**ACTIVITY:** Up to and including the line with "Профилна снимка на Кристияна Пенчева", write out the listing from its first line, minus the pictures.

#### INPUT MATERIAL

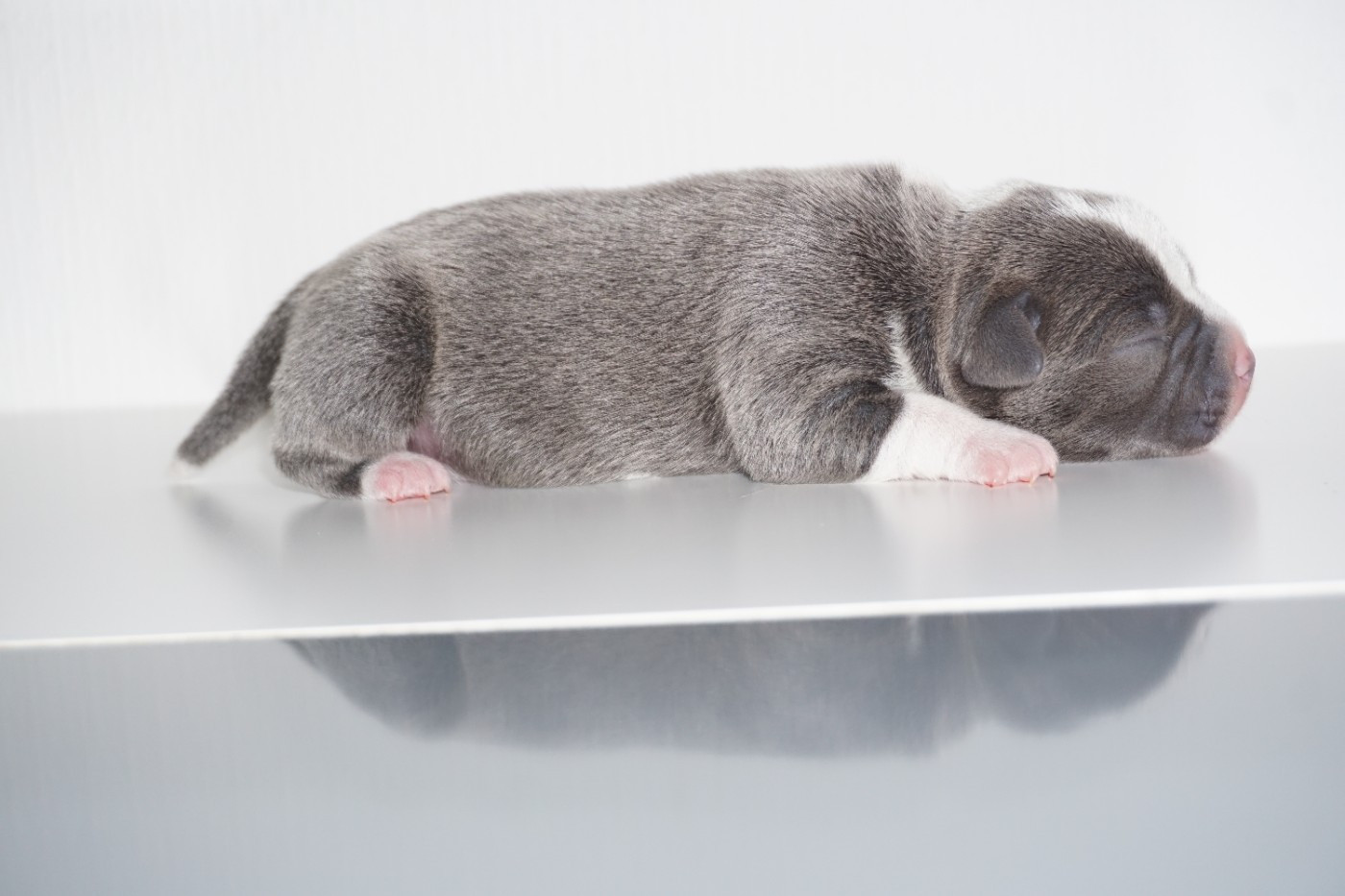 Dog Passion - Chiots disponibles - Staffordshire Bull Terrier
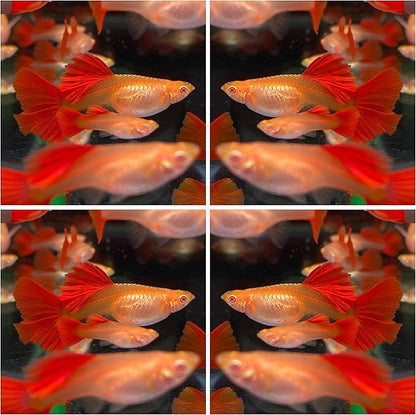 D&A Tropical Full RED Guppy - Abino Live Fish (1 Male, 2 Females) for Freshwater Aquariums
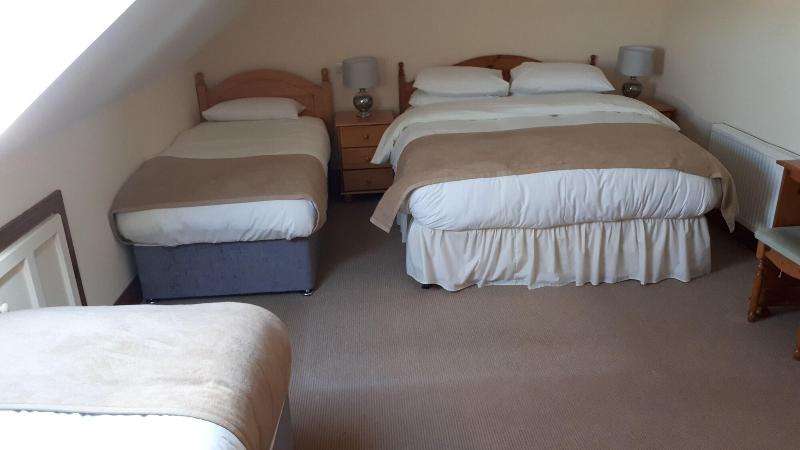 Dingle Harbour Nights Room Only in Dingle, Republic of Ireland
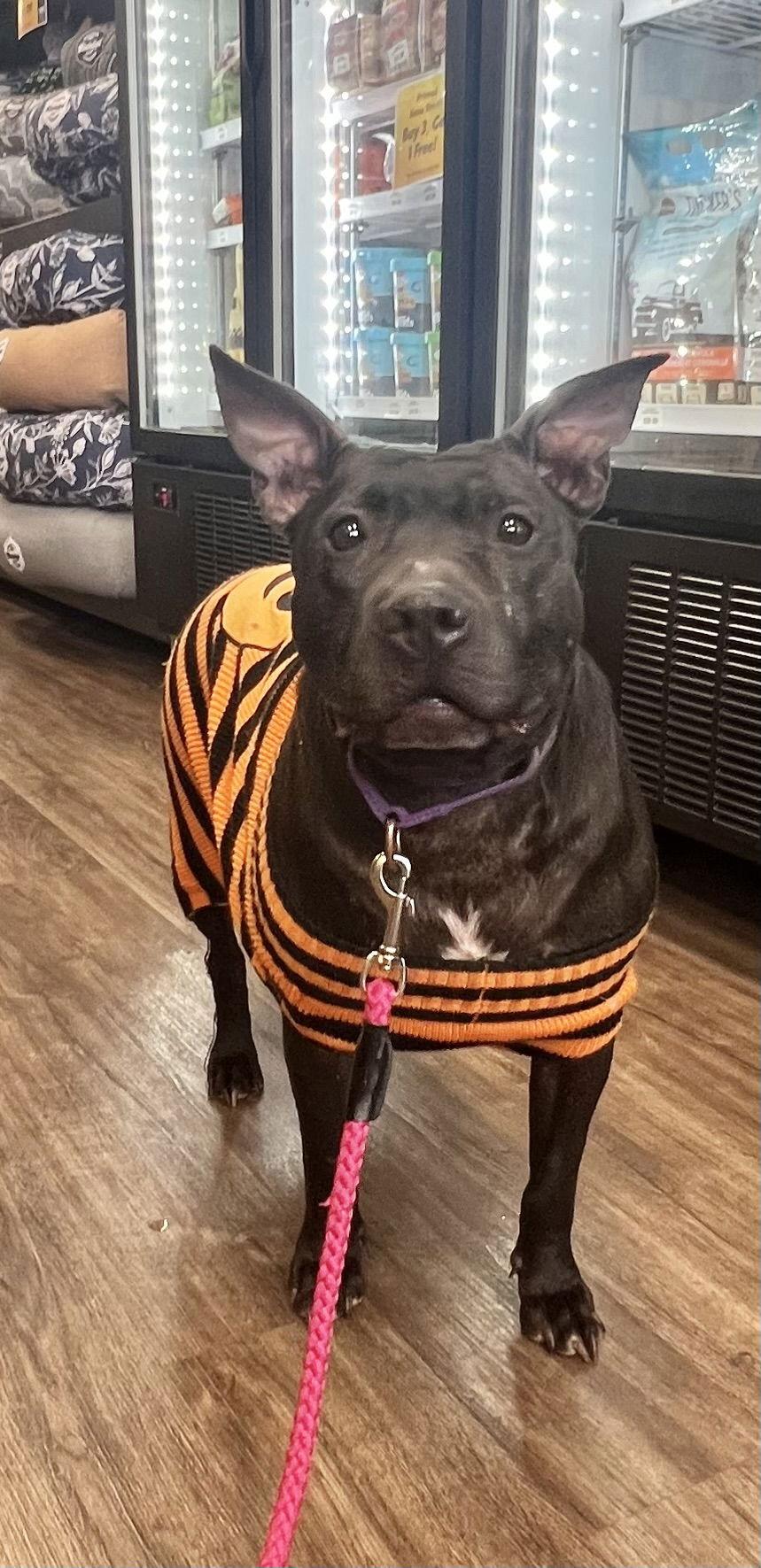 Enlarge Indie, a Adoptable Labrador Retriever in Munford, TN image 2/6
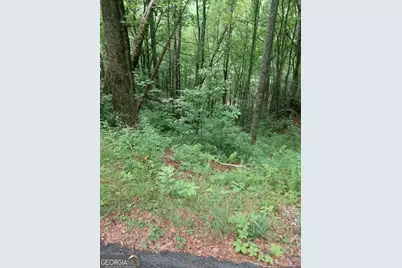 0 Lot 37 Saddleback Circle, Sky Valley, GA 30537 - Photo 6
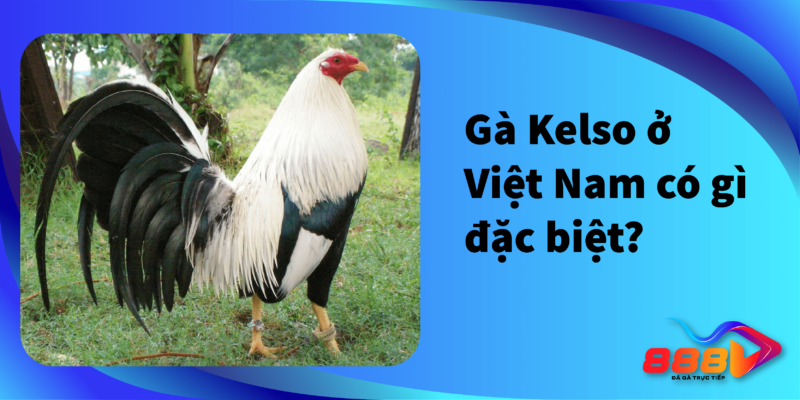 Gà Kelso ở Việt Nam có gì đặc biệt?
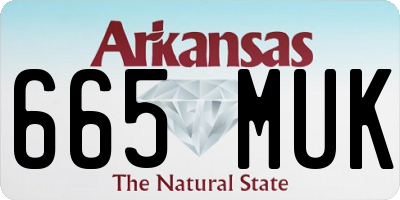 AR license plate 665MUK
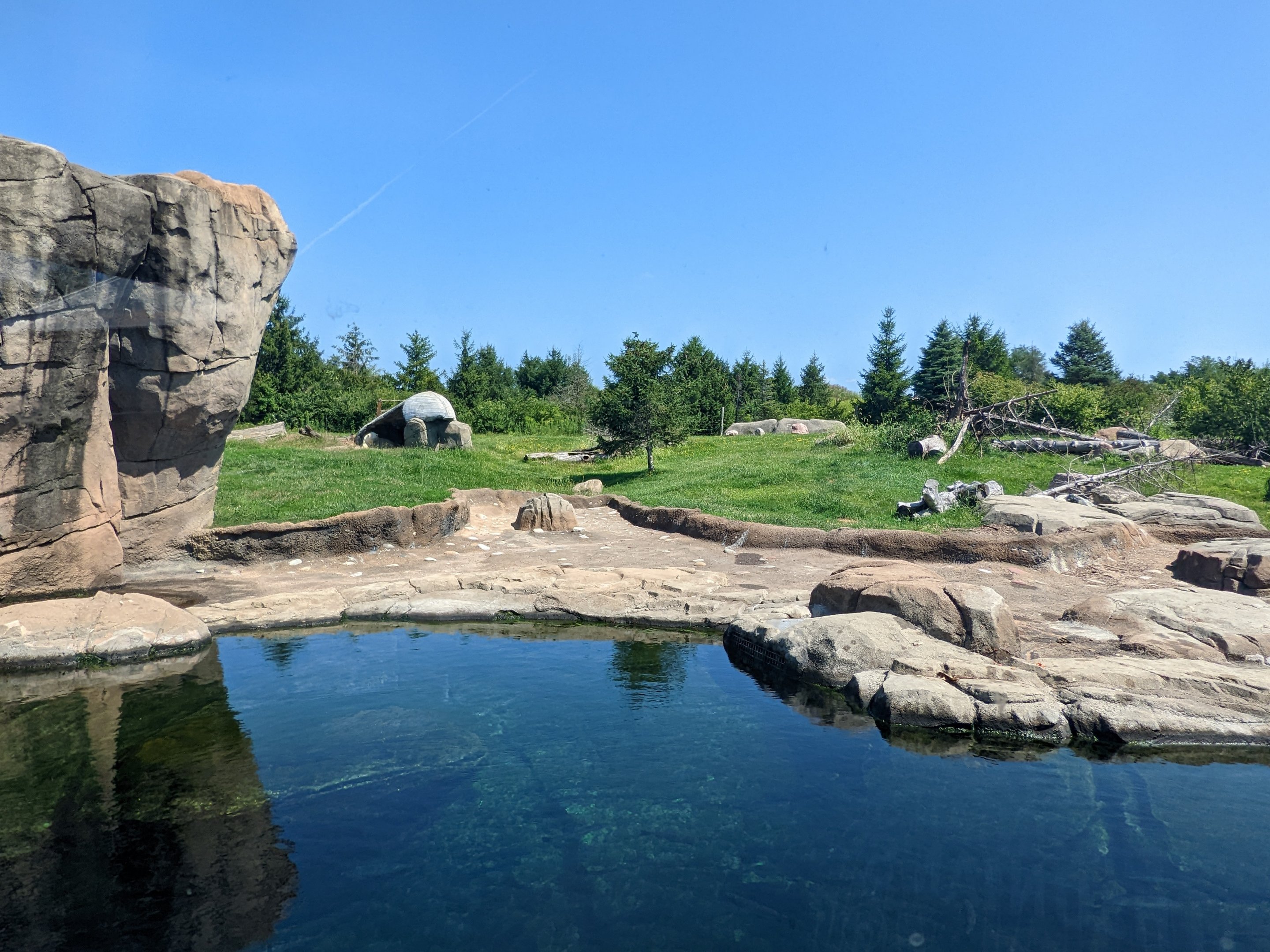 Polar Frontier - polar bear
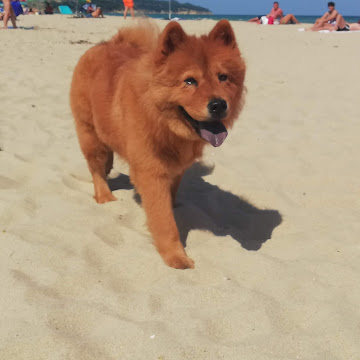 Профилна снимка на Кристияна Пенчева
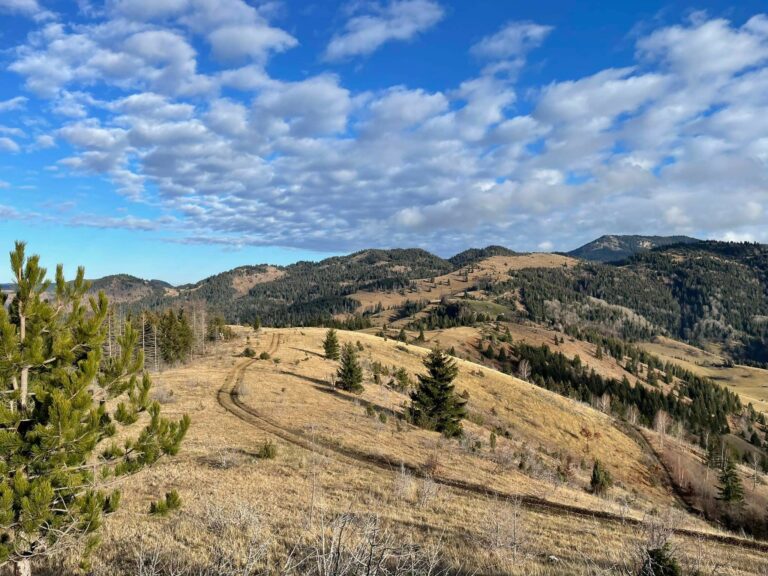 VREMENSKA PROGNOZA: Pretežno sunčano, do 16 stepeni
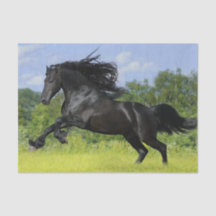Friesian horse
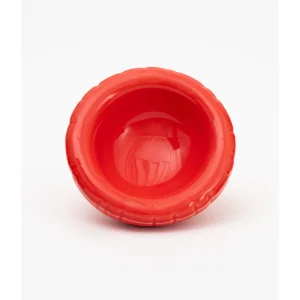 Blow Up Lisa Coral Gloss Kase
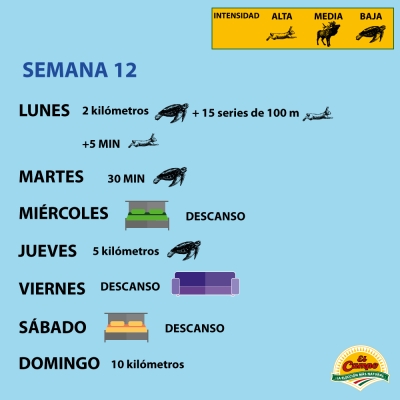 Semana 12 de entrenamiento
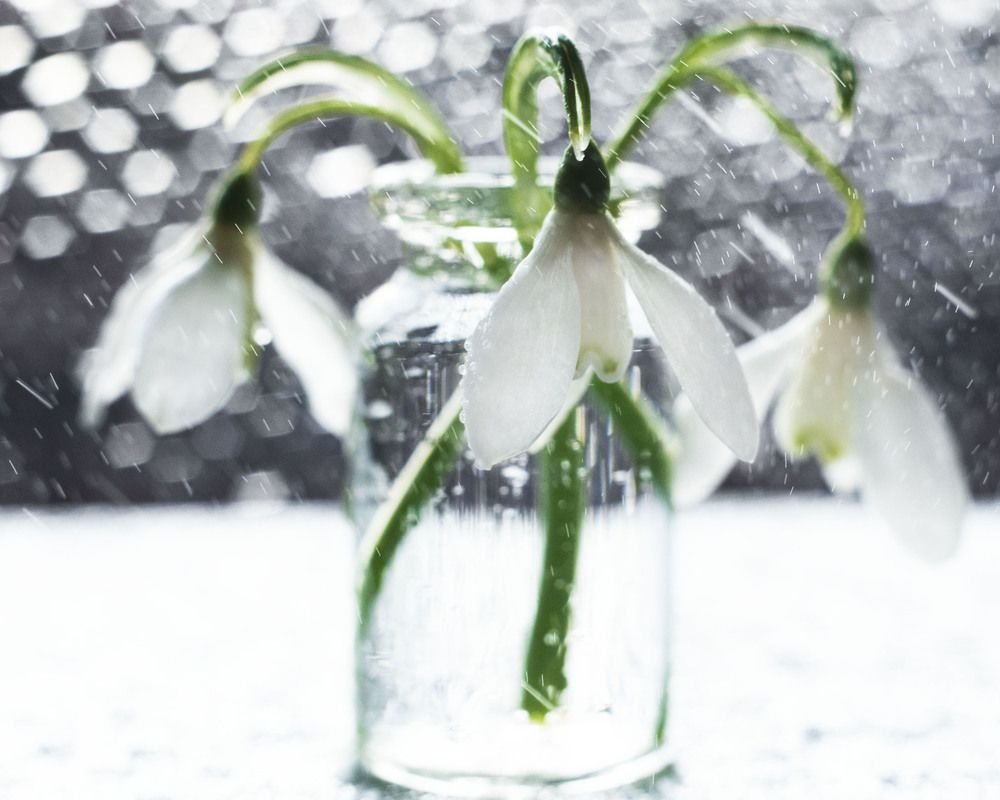 Фотография автора Анастасия Павловна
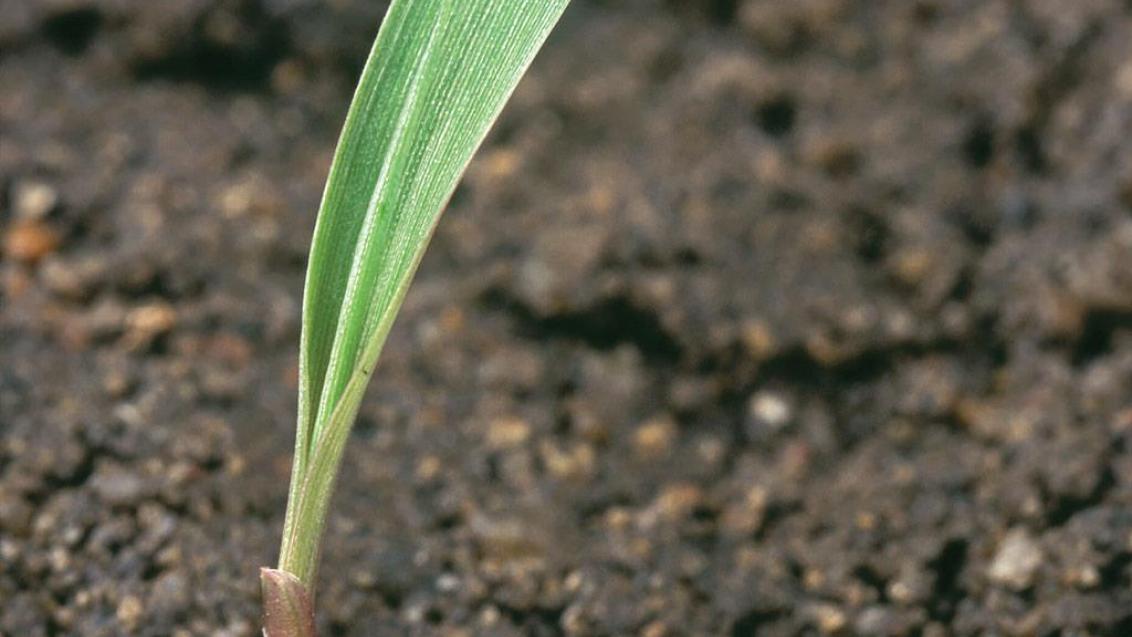 Sorgo-bravo, Gramíneas anuais e perenes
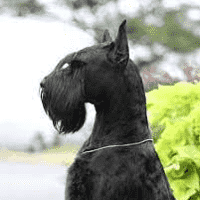 Giant Schnauzer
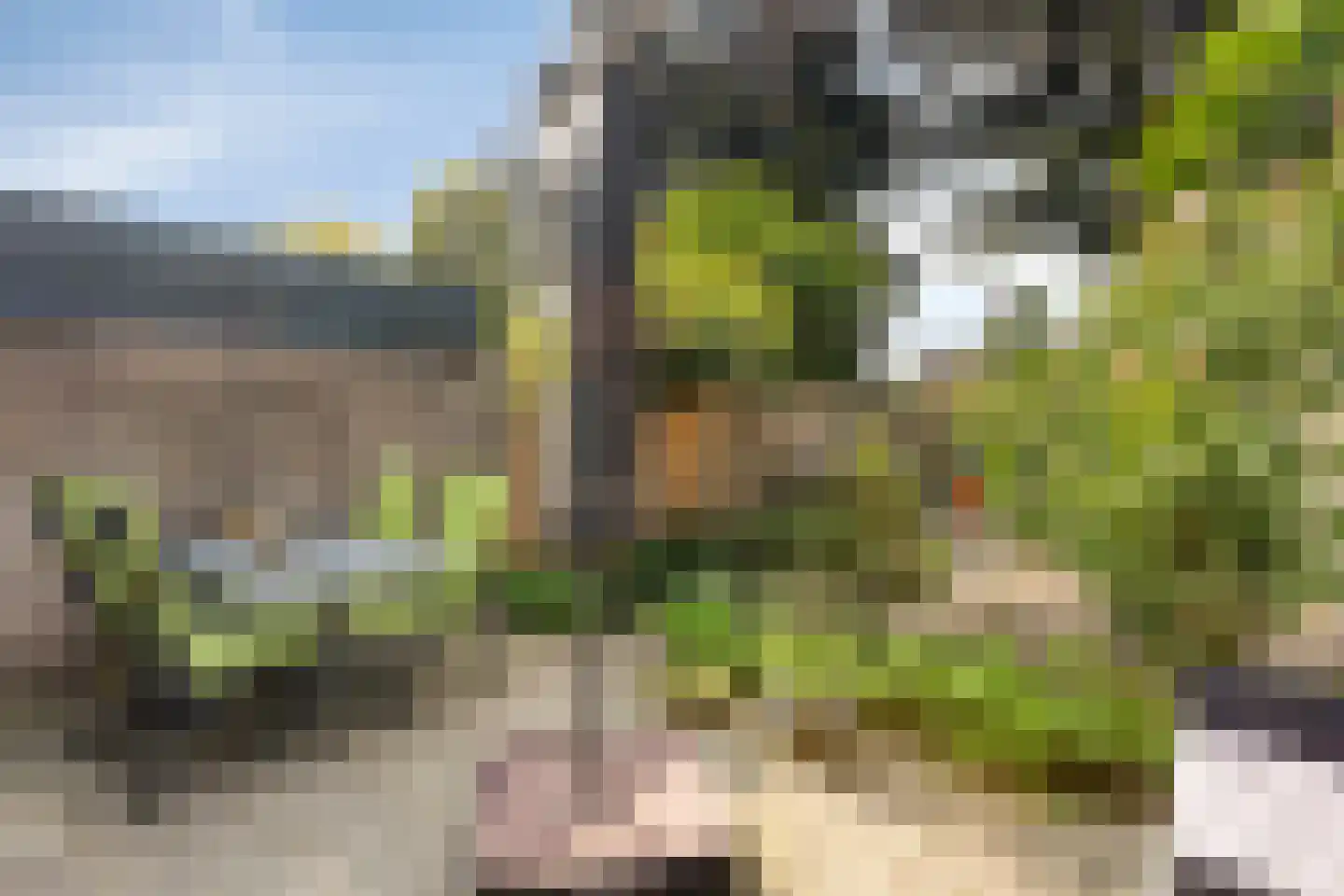 Gallencamp 7 Tiel thumbnail 28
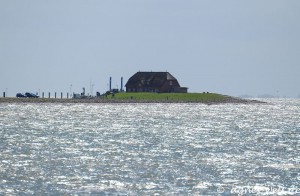 schwimmende Träume schwimmende Träume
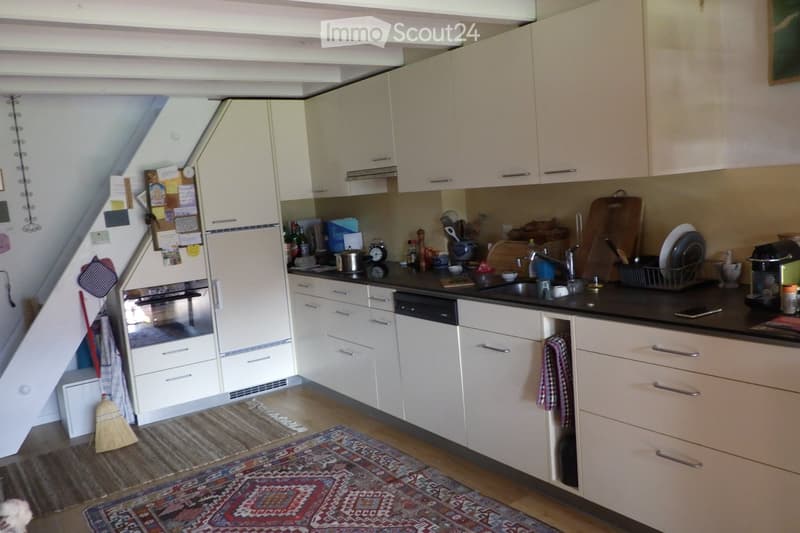 {"type": "Kitchen", "objects": ["refrigerator", "oven", "dishwasher", "sink", "faucet", "cutting board", "oven mitt", "broom", "oven mitt", "oven mitt", "oven mitt", "oven mitt", "oven mitt", "oven mitt", "oven mitt", "oven mitt", "oven mitt", "oven mitt"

########

**THE COMPLETED TASK:**
 Dog Passion - Chiots disponibles - Staffordshire Bull Terrier
 D&A Tropical Full RED Guppy - Abino Live Fish (1 Male, 2 Females) for Freshwater Aquariums
 Dingle Harbour Nights Room Only in Dingle, Republic of Ireland
 Enlarge Indie, a Adoptable Labrador Retriever in Munford, TN image 2/6
 0 Lot 37 Saddleback Circle, Sky Valley, GA 30537 - Photo 6
 Gà Kelso ở Việt Nam có gì đặc biệt?
 AR license plate 665MUK
 Polar Frontier - polar bear
 Профилна снимка на Кристияна Пенчева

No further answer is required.